Hey! Look at me, I made it to Assignment 2!
After reading the article and watching the presentation, I have been thinking about two things:
- My own personal cyberinfrastructure
- Our students and how they could use one
My own personal cyberinfrastructure is more of a cyber-in-fracture-structure as I am ALL over the place. For seven years, I held monthly sessions in my role as the Instructional Technology Specialist where I demonstrated and explored all of these new and foreign worlds like Flickr, Twitter, Remember the Milk and more. I always joked that it was my job to sacrifice myself on the altar of the internet gods and create accounts everywhere to see what tools would work and what would not work so well for faculty, staff and students, both for educational and for personal uses. Because of that, I do have accounts everywhere from Posterous to Tumblr to WordPress.com to 30Boxes to Pageflakes and so on. Many of these sites are stagnant now but I use those experiments to help guide faculty to the best tool for the job (if a technology tool is indeed the best for their need)
I bought my own domain name over four years ago and installed WordPress on it because I knew I needed to learn how it worked from the backend and I couldn’t do that with a wordpress.com account. Then, I started hosting some friend’s sites and blogs. Then, I decided that I needed my vanity URL so I bought that domain as well. The four years have been a great learning experience about how blogs work, how server management and database management work, etc. It was a great primer for when I was sucked into Jim Groom’s work with WPMU at UMW and decided that we needed that here at Pellissippi State.
So, my thinking for our students is that WPMU gives them a primer for getting started with their personal cyberinfrastructure. We are a community college.
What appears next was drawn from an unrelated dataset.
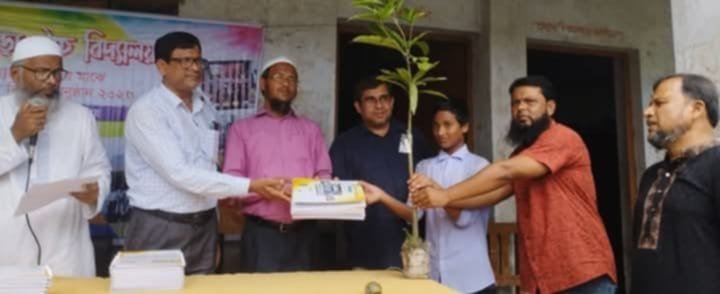 হাটবয়ড়া উচ্চবিদ্যালয়ের শিক্ষার্থীদের মাঝে বিনামূল্যে চারাগাছ বিতরণ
Many of our students are here for a shorter amount of time. Many will transfer to a four-year school, others get their certificate or degree and head off to the workforce and, for many, life happens and they have to drop out for a long or short while. I agree with the vision of Gardner and Jim that the student needs to be a curator of their work or work of others that have influence and importance to them as well as narrators and sharers of their own work. The Pellissippi Blogs site tries to help with that. It is open to all faculty, staff and students and once you sign in, you have a blog created. I am the curator of the site and collected plugins that I thought would help make their sharing, writing and curating easier. Of course, I would love to have more but baby steps….baby steps. I do encourage them to understand how to export the WP files and to use other sites like Flickr, Vimeo, Photobucket, etc to host their media rather than rely on the measly 25 MB I can offer each blog.
Three notions from Gardner’s words that pricked up my ears….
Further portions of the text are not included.